## Extracted records
----------

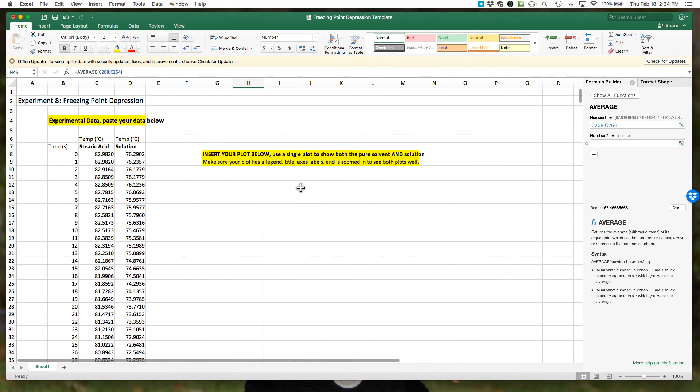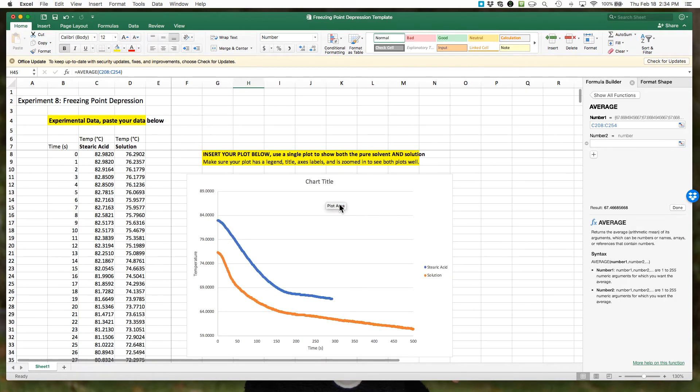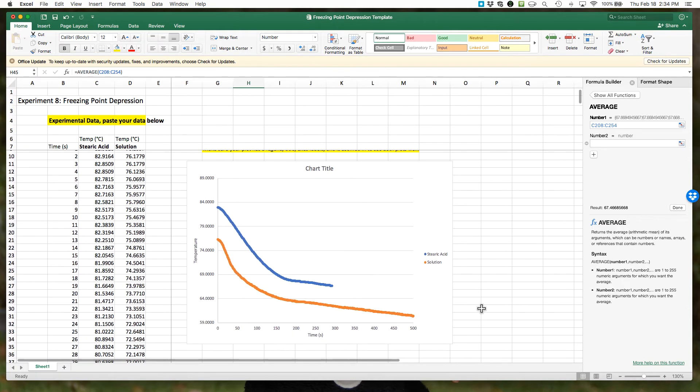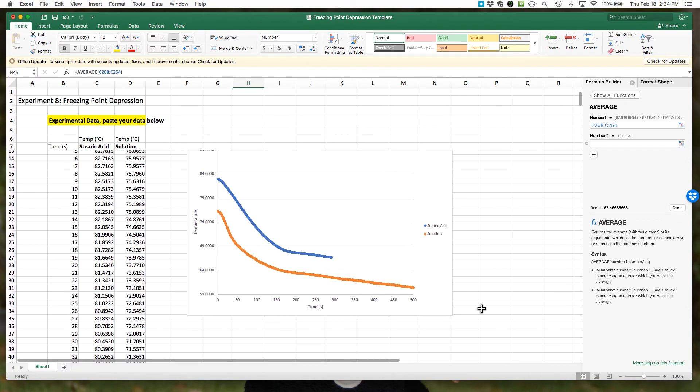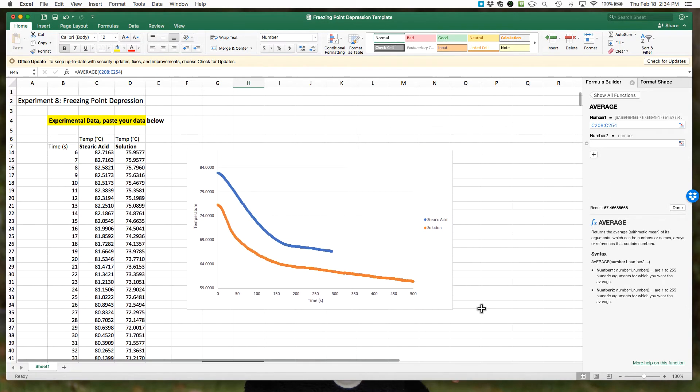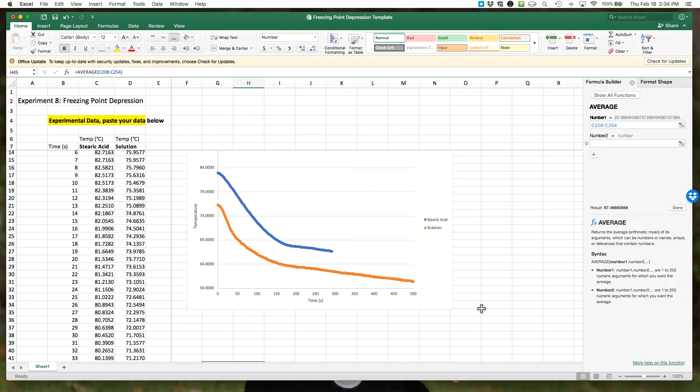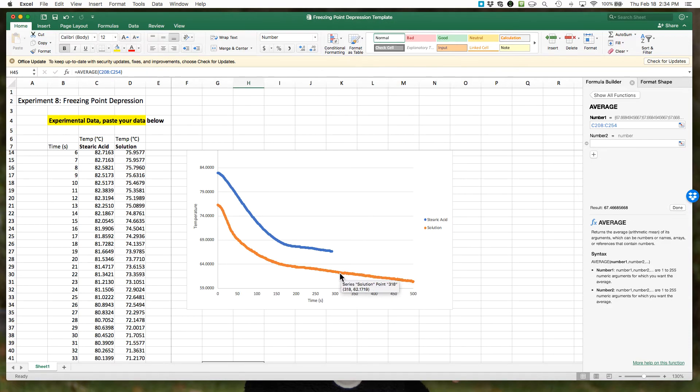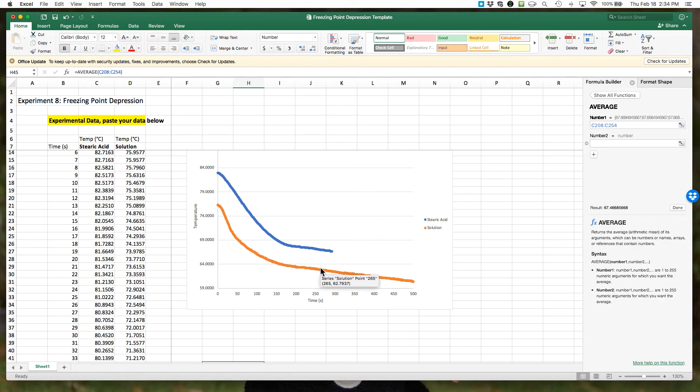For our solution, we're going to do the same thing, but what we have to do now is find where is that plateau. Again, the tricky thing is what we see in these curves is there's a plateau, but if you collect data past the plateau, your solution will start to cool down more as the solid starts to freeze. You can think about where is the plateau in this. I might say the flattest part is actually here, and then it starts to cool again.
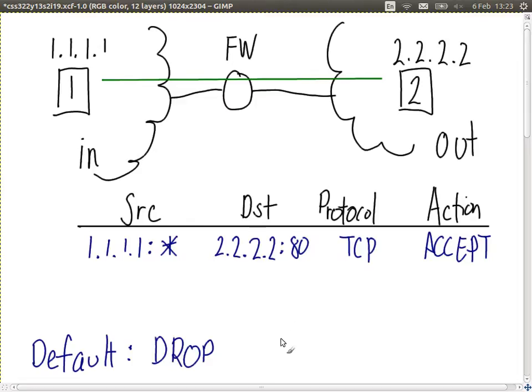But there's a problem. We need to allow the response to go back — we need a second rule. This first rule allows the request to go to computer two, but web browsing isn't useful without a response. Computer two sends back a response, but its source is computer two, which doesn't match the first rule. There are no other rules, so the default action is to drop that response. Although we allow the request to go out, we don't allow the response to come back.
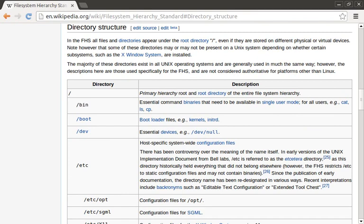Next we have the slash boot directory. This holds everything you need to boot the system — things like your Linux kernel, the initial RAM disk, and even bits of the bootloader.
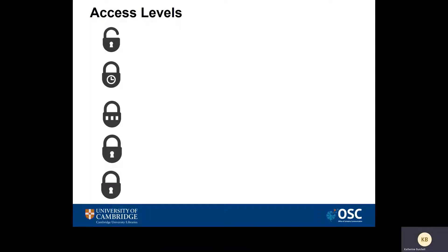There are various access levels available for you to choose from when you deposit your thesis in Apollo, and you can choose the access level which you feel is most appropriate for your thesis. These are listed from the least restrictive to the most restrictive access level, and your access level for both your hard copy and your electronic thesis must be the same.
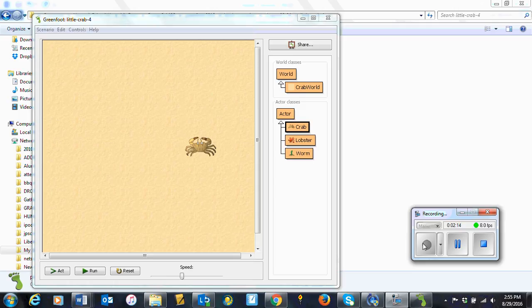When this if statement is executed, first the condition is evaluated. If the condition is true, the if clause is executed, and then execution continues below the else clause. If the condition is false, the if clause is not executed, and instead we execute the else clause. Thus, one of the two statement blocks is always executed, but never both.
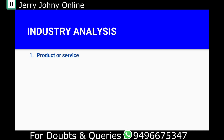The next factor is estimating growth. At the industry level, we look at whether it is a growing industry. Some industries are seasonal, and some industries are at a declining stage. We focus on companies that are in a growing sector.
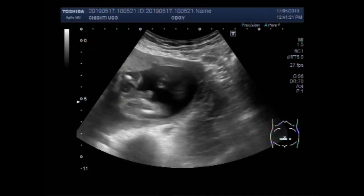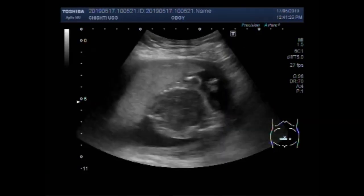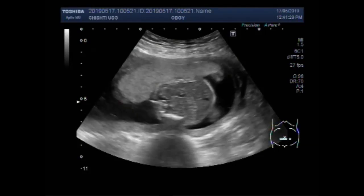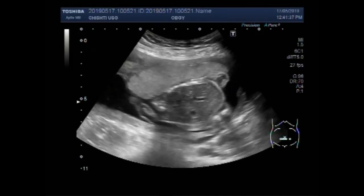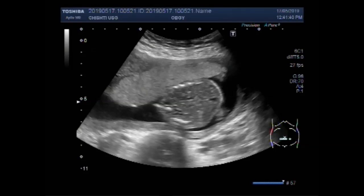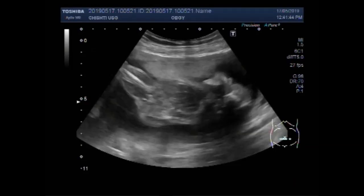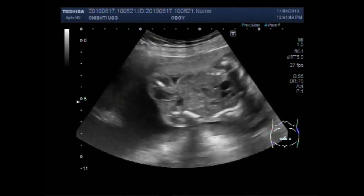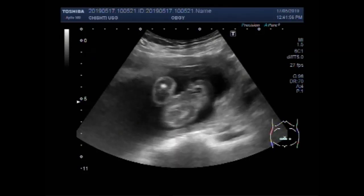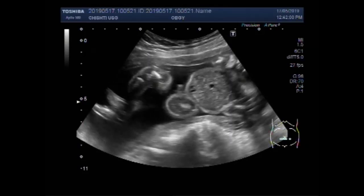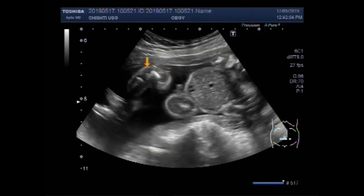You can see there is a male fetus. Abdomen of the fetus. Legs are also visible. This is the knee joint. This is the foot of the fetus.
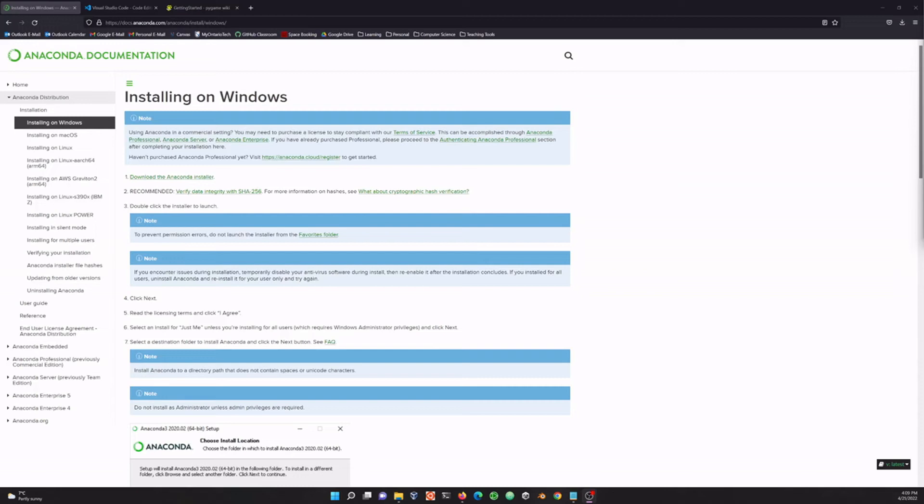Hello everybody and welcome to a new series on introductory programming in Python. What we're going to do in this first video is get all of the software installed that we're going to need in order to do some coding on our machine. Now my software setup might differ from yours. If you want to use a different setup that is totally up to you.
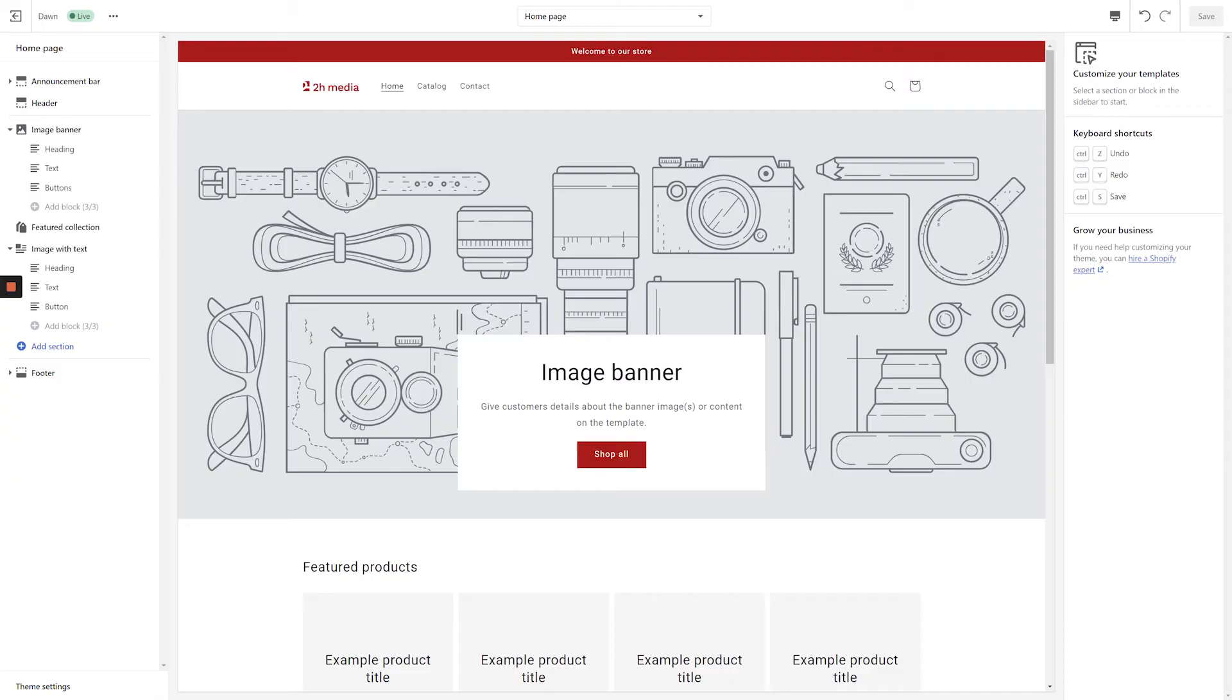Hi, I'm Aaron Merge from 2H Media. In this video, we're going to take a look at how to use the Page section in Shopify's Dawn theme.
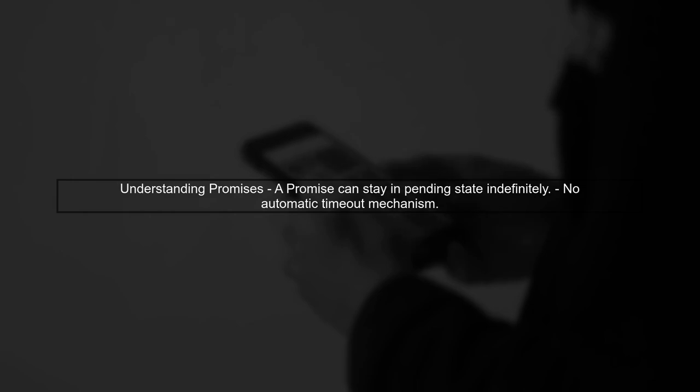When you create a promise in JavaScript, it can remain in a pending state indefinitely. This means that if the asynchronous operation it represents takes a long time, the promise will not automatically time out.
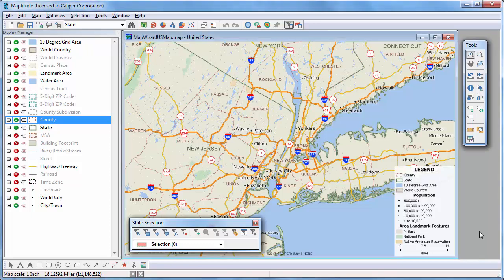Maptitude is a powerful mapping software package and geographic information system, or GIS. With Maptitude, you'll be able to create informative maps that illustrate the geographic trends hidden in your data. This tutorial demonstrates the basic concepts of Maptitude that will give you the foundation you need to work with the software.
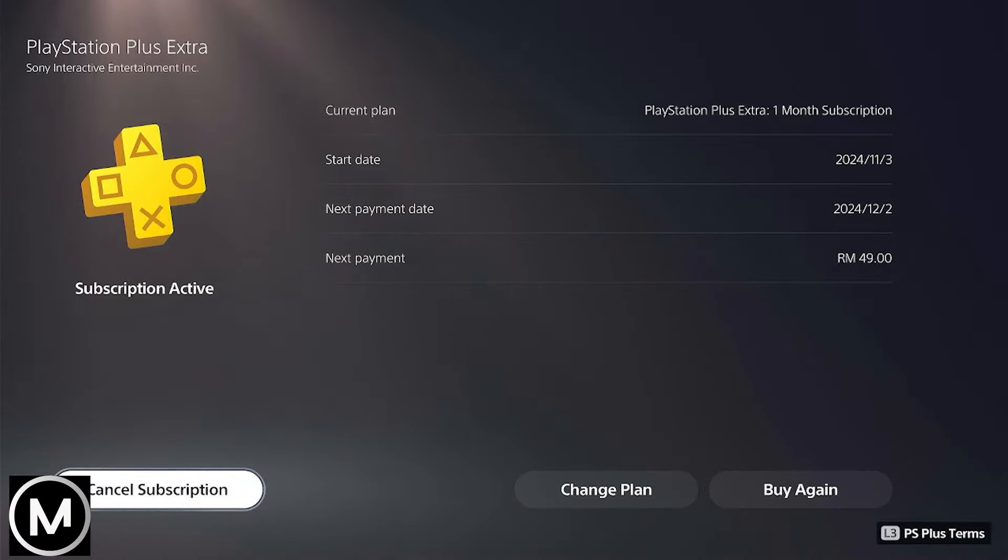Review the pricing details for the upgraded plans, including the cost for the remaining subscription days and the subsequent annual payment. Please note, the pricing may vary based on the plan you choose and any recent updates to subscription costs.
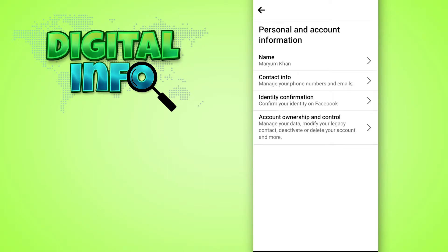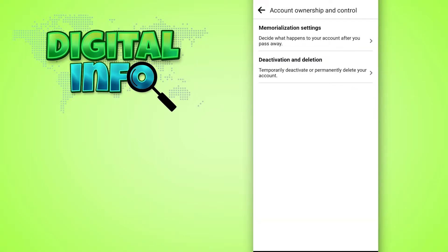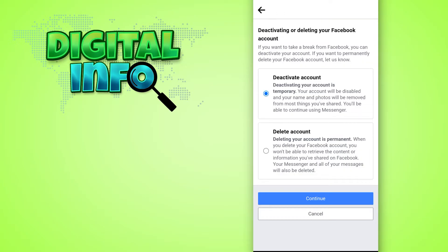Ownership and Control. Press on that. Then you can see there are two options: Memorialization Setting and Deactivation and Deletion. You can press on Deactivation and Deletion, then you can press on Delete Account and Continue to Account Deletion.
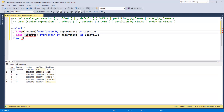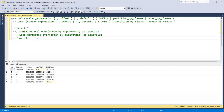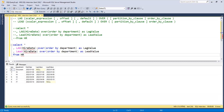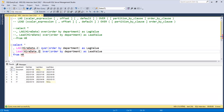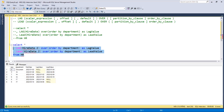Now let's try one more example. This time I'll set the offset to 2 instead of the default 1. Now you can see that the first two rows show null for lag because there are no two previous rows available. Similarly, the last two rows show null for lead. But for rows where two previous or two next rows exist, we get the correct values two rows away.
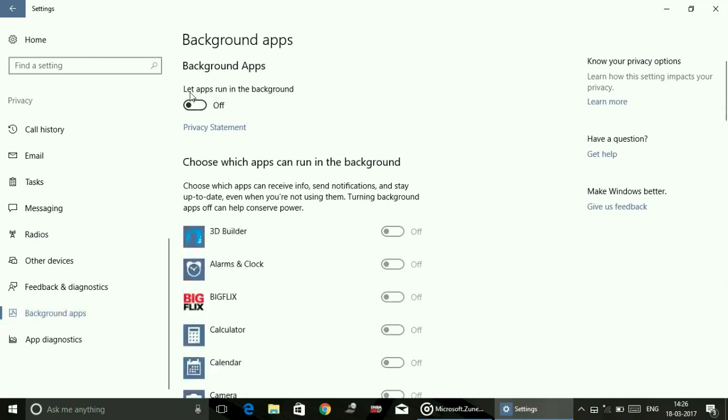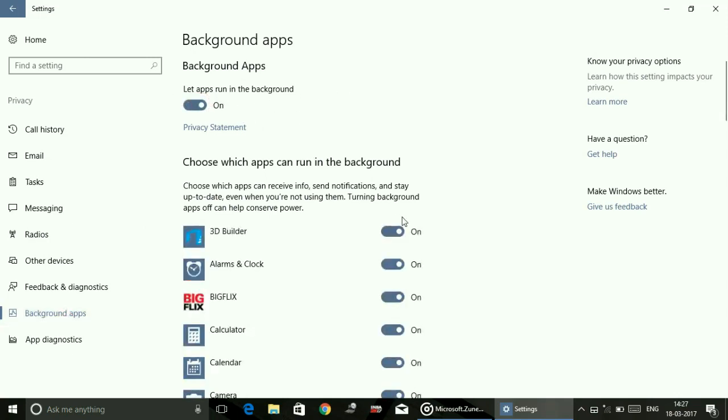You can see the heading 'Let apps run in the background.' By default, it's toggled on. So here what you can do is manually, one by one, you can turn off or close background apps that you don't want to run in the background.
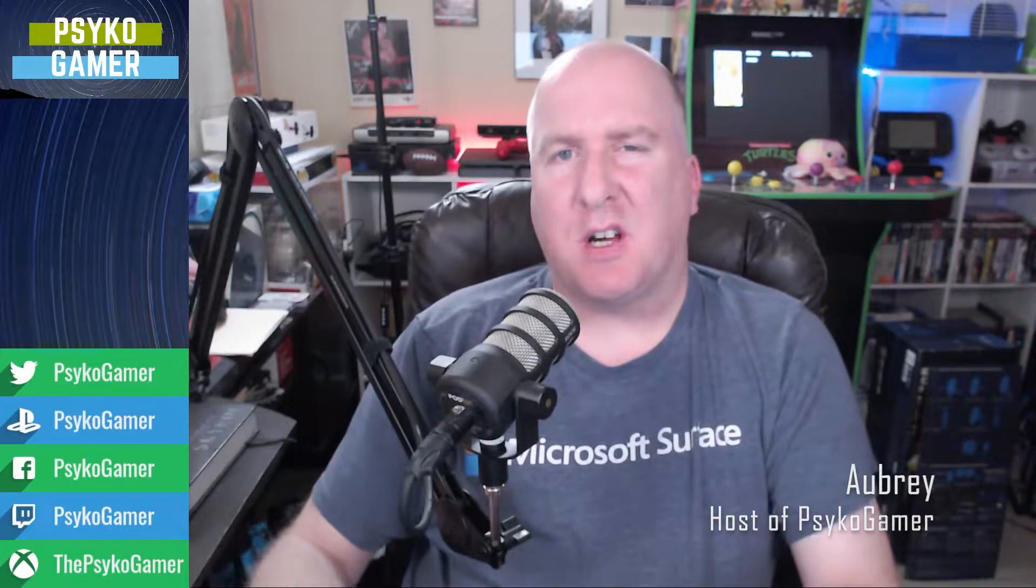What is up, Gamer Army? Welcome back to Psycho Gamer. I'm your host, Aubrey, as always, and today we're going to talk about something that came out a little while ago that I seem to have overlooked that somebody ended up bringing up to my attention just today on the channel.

----------

## Task objective
When copying from the data above, print only the lines from the line containing "When you create" to the line containing "You can see the heading", exactly, and leave the pictures out.

## Output for this exercise
When you create a promise in JavaScript, it can remain in a pending state indefinitely. This means that if the asynchronous operation it represents takes a long time, the promise will not automatically time out.
Maptitude is a powerful mapping software package and geographic information system, or GIS. With Maptitude, you'll be able to create informative maps that illustrate the geographic trends hidden in your data. This tutorial demonstrates the basic concepts of Maptitude that will give you the foundation you need to work with the software.
Review the pricing details for the upgraded plans, including the cost for the remaining subscription days and the subsequent annual payment. Please note, the pricing may vary based on the plan you choose and any recent updates to subscription costs.
Ownership and Control. Press on that. Then you can see there are two options: Memorialization Setting and Deactivation and Deletion. You can press on Deactivation and Deletion, then you can press on Delete Account and Continue to Account Deletion.
Now let's try one more example. This time I'll set the offset to 2 instead of the default 1. Now you can see that the first two rows show null for lag because there are no two previous rows available. Similarly, the last two rows show null for lead. But for rows where two previous or two next rows exist, we get the correct values two rows away.
You can see the heading 'Let apps run in the background.' By default, it's toggled on. So here what you can do is manually, one by one, you can turn off or close background apps that you don't want to run in the background.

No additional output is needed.